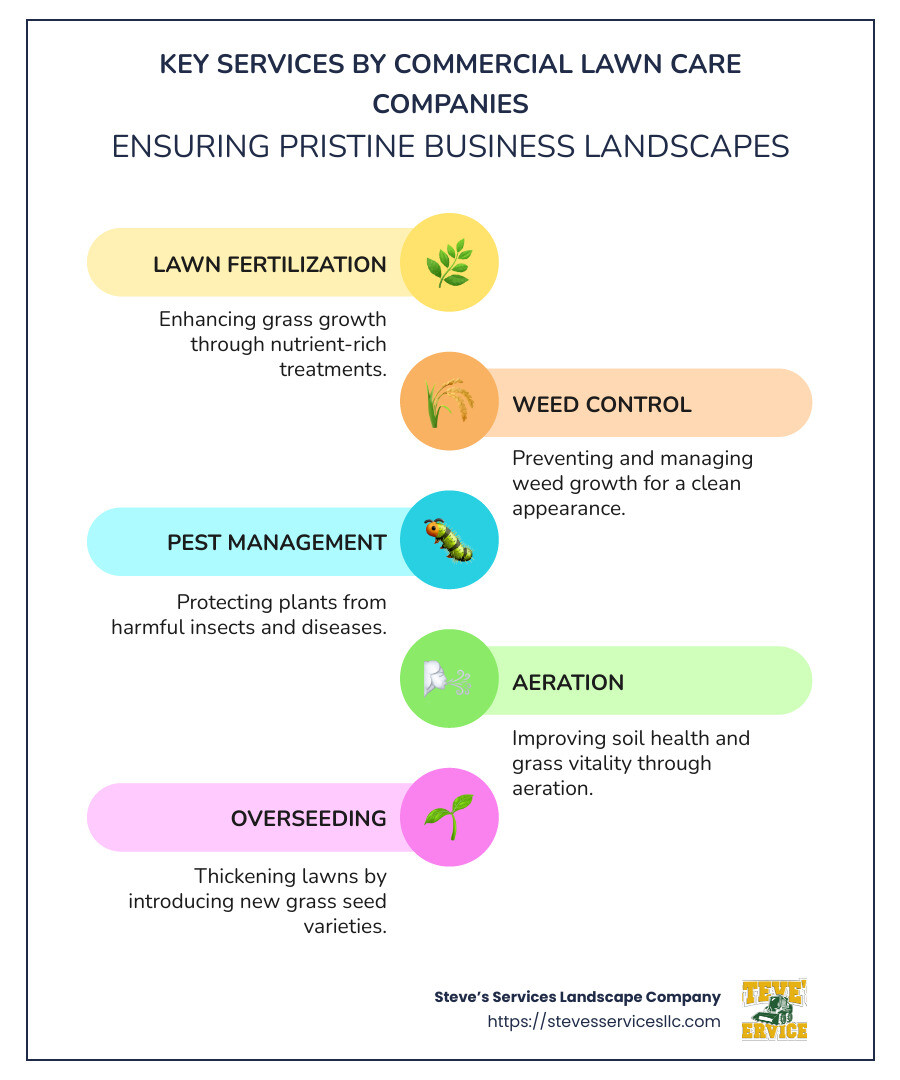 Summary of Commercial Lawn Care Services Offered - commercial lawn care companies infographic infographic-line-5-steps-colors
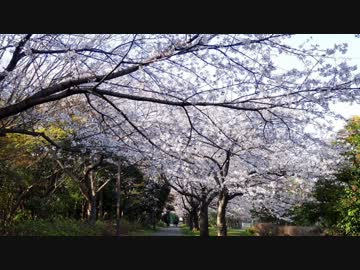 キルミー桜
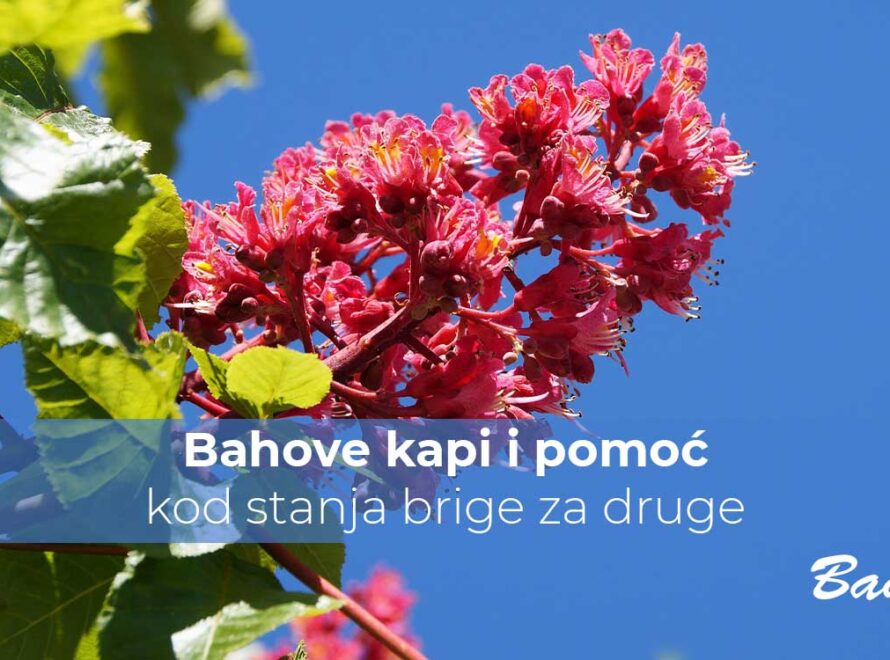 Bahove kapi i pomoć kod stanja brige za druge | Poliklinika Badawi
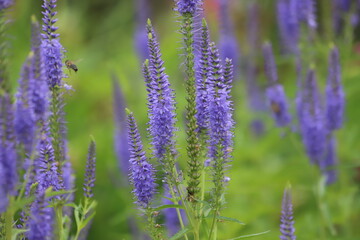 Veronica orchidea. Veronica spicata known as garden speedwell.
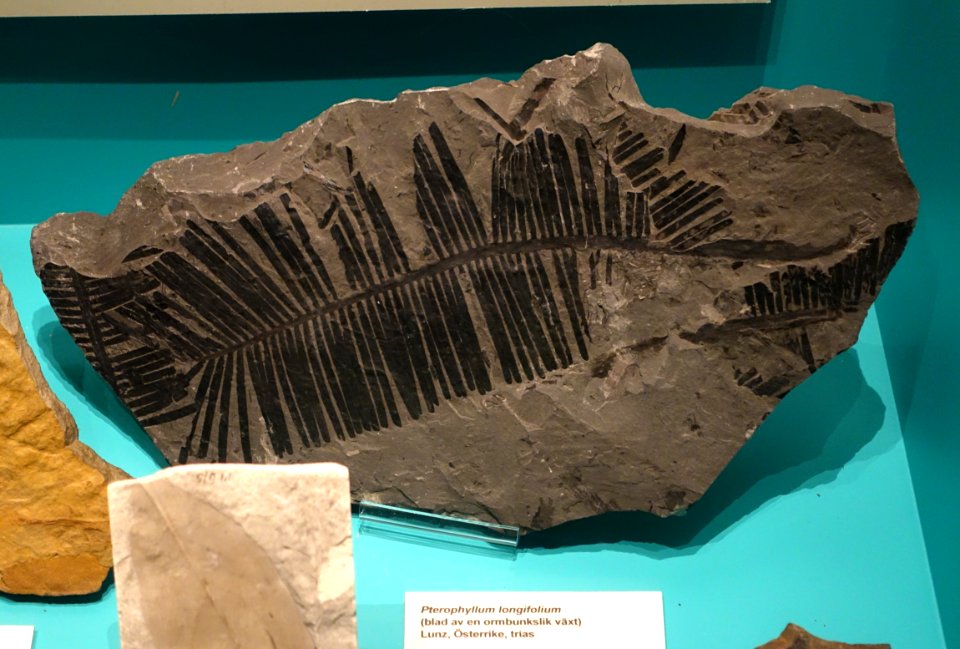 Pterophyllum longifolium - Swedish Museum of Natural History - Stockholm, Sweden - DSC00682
· · · · ·
• **TASK BRIEF**: All of the material shown above needs to be duplicated exactly. Omit every picture.

• **TASK SOLUTION**:
 Summary of Commercial Lawn Care Services Offered - commercial lawn care companies infographic infographic-line-5-steps-colors
 キルミー桜
 Bahove kapi i pomoć kod stanja brige za druge | Poliklinika Badawi
 Veronica orchidea. Veronica spicata known as garden speedwell.
 Pterophyllum longifolium - Swedish Museum of Natural History - Stockholm, Sweden - DSC00682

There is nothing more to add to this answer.